2010 STOCK INCENTIVE PLAN
(AS AMENDED AND RESTATED AS OF SEPTEMBER 19, 2017)
RESTRICTED STOCK UNIT AGREEMENT
OptiNose, Inc., a Delaware corporation (the “Company”), hereby grants an Award of Restricted Stock Units in respect of its common stock, $0.001 par value per share (the “Stock”), to the Grantee named below (the “RSUs”). The terms and conditions of the RSUs are set forth in this cover sheet, in the attachment (together with the cover sheet, the “Agreement”) and in the Company’s 2010 Stock Incentive Plan, as amended and restated as of September 19, 2017 (the “Plan”).
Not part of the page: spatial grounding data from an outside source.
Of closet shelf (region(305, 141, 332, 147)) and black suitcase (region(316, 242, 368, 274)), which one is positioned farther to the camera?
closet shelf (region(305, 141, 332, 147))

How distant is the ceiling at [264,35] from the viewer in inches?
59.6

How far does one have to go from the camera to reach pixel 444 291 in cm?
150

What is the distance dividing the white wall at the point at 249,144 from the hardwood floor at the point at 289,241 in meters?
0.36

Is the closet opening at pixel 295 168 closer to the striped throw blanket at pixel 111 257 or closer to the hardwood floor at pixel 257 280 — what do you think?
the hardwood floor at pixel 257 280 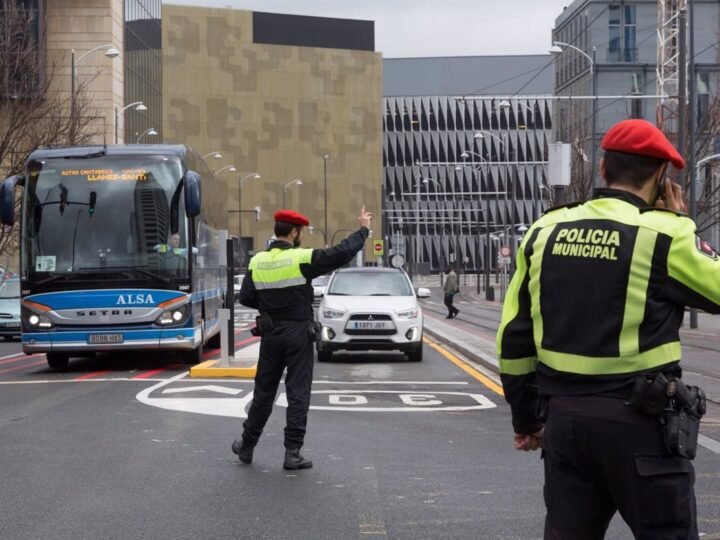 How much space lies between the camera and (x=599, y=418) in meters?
3.91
Grant Date: (the “Grant Date”)
Name of Grantee:
Number of RSUs Covered by Award:
Vesting Start Date:
Vesting Schedule: [__________ RSUs will be eligible to vest based on the passage of time as set forth herein][; and __________ RSUs will be eligible to vest based on the achievement of certain performance goals as set forth herein].
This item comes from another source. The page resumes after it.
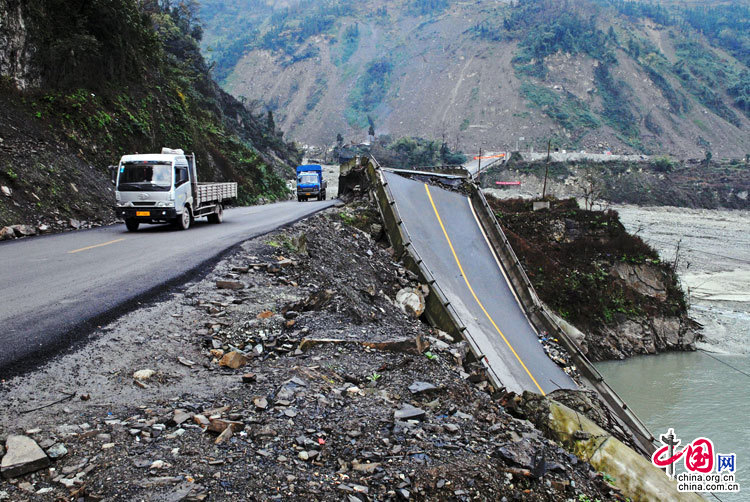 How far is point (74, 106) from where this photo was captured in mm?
19688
Issuance of Shares: [issuance of the Stock underlying vested RSUs shall be made within sixty (60) days after the applicable vesting date]; [other share issuance schedule as set forth herein]
By signing this cover sheet, you agree to all of the terms and conditions described in this Agreement and in the Plan, a copy of which is also attached. You acknowledge that you have carefully reviewed the Plan, and agree that the Plan will control in the event any provision of this Agreement should appear to be inconsistent. Certain capitalized terms used in this Agreement are defined in the Plan, and have the respective meanings set forth in the Plan.
Grantee:
(Signature)
Company:
(Signature)
Title:
Attachment
This is not a stock certificate or a negotiable instrument
OPTINOSE, INC.
2010 STOCK INCENTIVE PLAN
(AS AMENDED AND RESTATED AS OF SEPTEMBER 19, 2017)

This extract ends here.